-- AIM OF THE TASK --
Leaving the pictures aside, transcribe every line below exactly.

-- ENTRIES SHOWN --
-- Opening Marker --

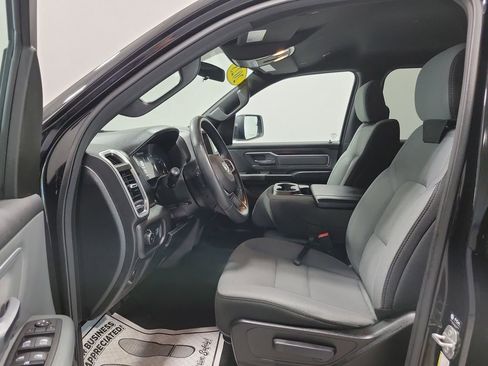 Used 2023 RAM 1500 Big Horn AWD/4WD image 2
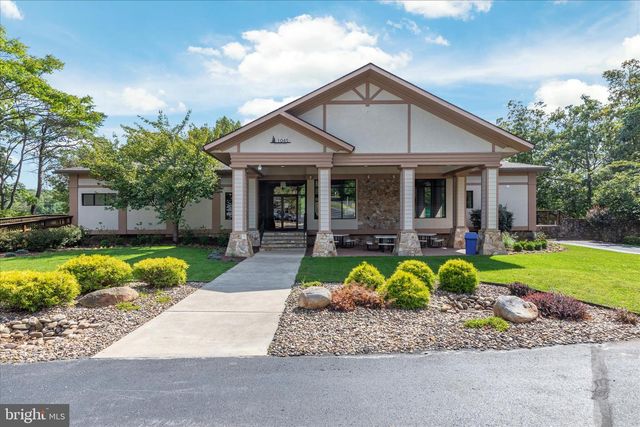 203 NORTHWOOD CIR, Cross Junction, VA 22625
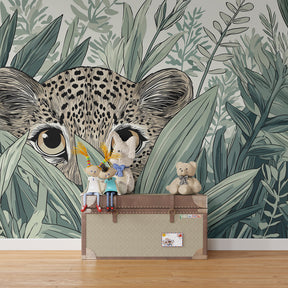 Curious leopard wallpaper creating adventurous safari-themed children's bedroom decor
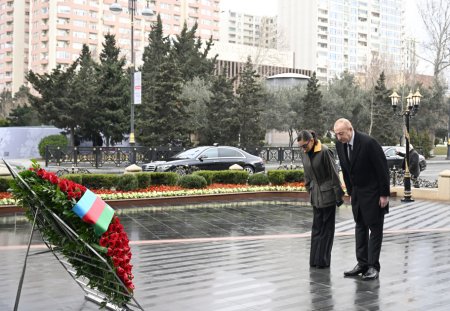 Prezident İlham Əliyev və birinci xanım Mehriban Əliyeva Xocalı soyqırımı abidəsini ziyarət ediblər Prezident İlham Əliyev və birinci xanım Mehriban Əliyeva Xocalı soyqırımı abidəsini ziyarət ediblər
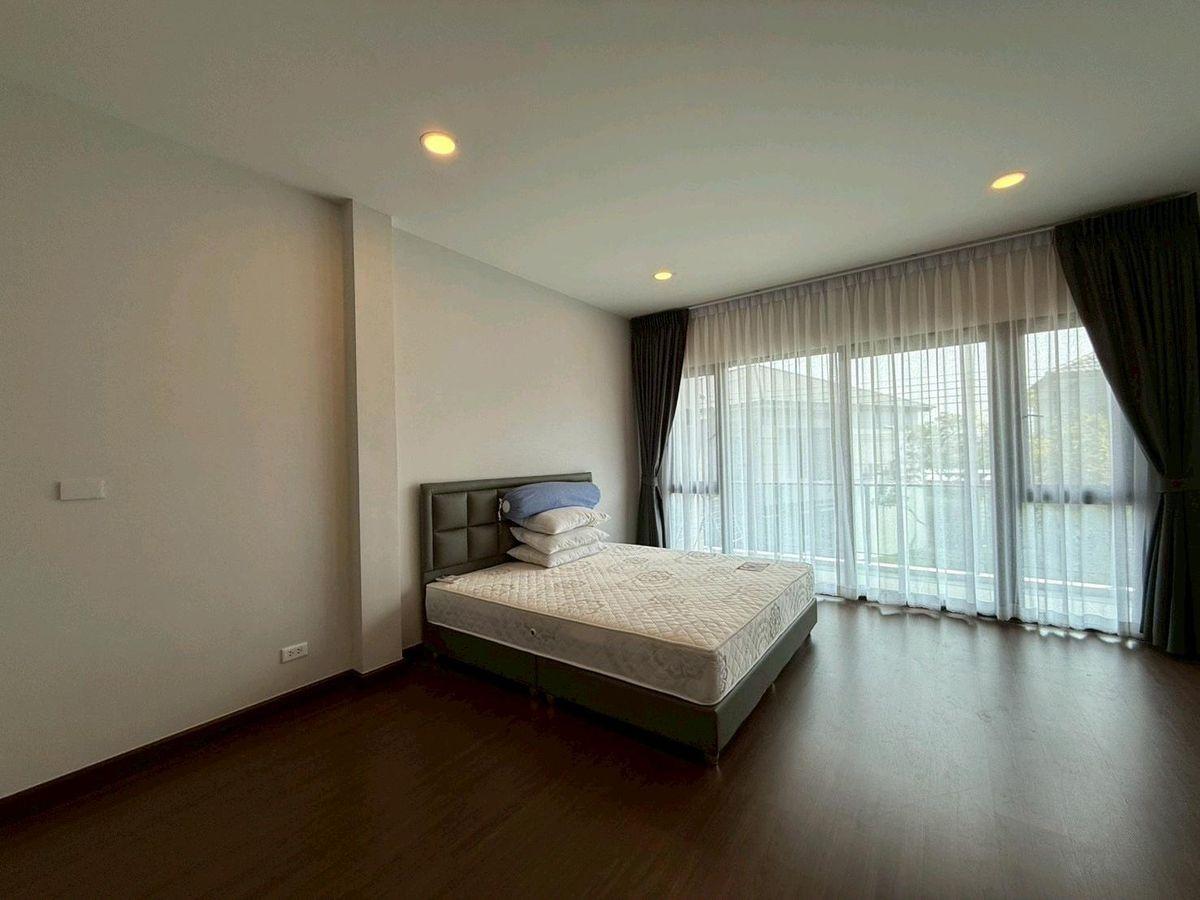 รูป THE CITY Bangna (เดอะ ซิตี้ บางนา ) โครงการใหม่  พื้นที่ใช้สอย 313 ตร.ม ที่ดิน 70 ตร.ว - รูปที่ 9/18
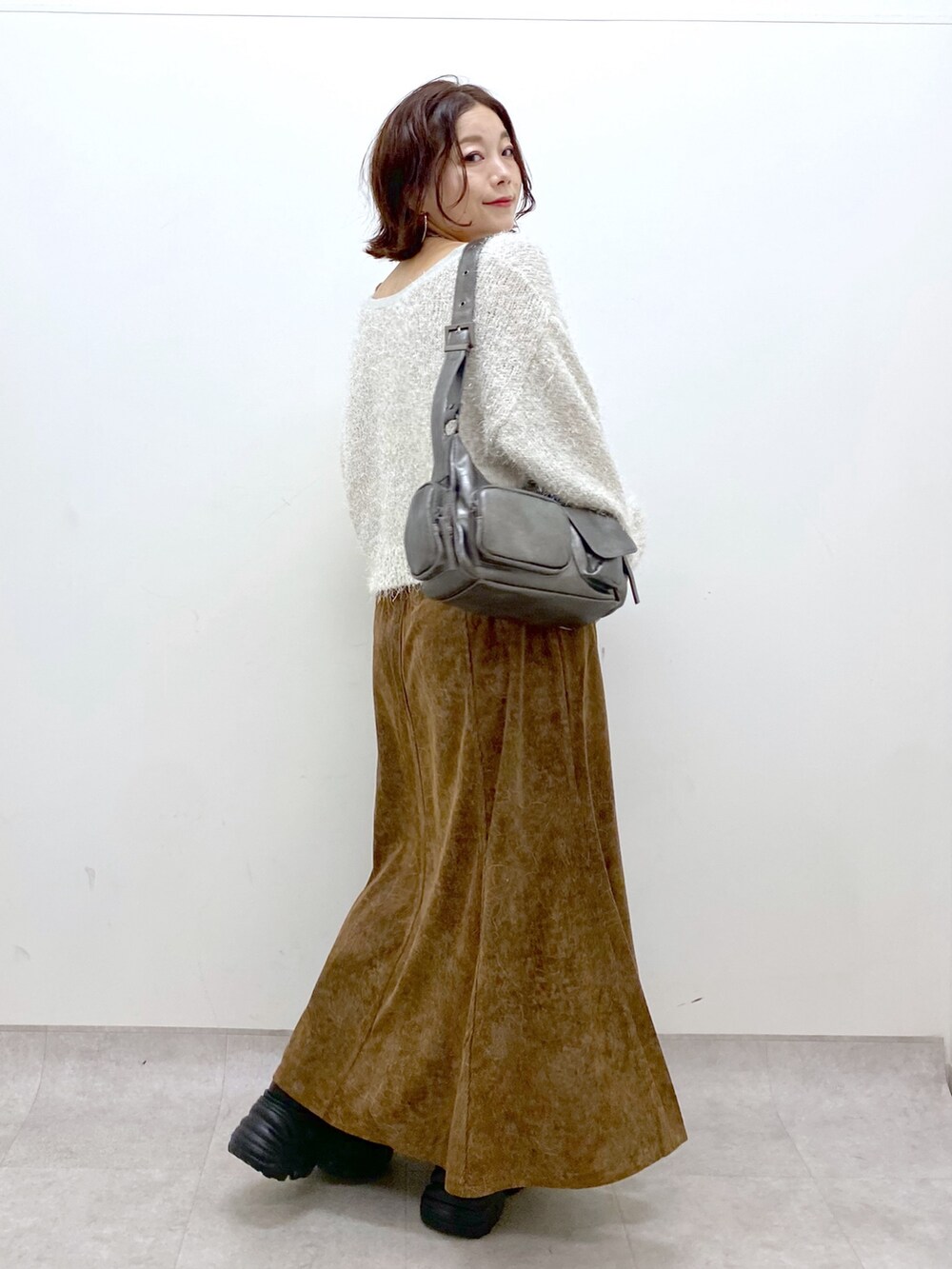 「ブラウン、淡色コーデ、厚底シューズ、秋服準備はじめました、デートコーデ、ショルダーバッグ、休日スタイル、カーディガン、ロングスカート、秋コーデ、低身長、オトナカジュアル、フェザーニット、マーメイドスカート、ショートブーツ」｜「PAGEBOYのラメファインフェザーZIPカーディガン（カーディガン/ボレロ、ホワイト系）」を使った、Chisaさん（レディース・154cm）の秋コーディネートの6枚目の写真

-- Closing Marker --

-- TASK RESULT --
 Used 2023 RAM 1500 Big Horn AWD/4WD image 2
 203 NORTHWOOD CIR, Cross Junction, VA 22625
 Curious leopard wallpaper creating adventurous safari-themed children's bedroom decor
 Prezident İlham Əliyev və birinci xanım Mehriban Əliyeva Xocalı soyqırımı abidəsini ziyarət ediblər Prezident İlham Əliyev və birinci xanım Mehriban Əliyeva Xocalı soyqırımı abidəsini ziyarət ediblər
 รูป THE CITY Bangna (เดอะ ซิตี้ บางนา ) โครงการใหม่  พื้นที่ใช้สอย 313 ตร.ม ที่ดิน 70 ตร.ว - รูปที่ 9/18
 「ブラウン、淡色コーデ、厚底シューズ、秋服準備はじめました、デートコーデ、ショルダーバッグ、休日スタイル、カーディガン、ロングスカート、秋コーデ、低身長、オトナカジュアル、フェザーニット、マーメイドスカート、ショートブーツ」｜「PAGEBOYのラメファインフェザーZIPカーディガン（カーディガン/ボレロ、ホワイト系）」を使った、Chisaさん（レディース・154cm）の秋コーディネートの6枚目の写真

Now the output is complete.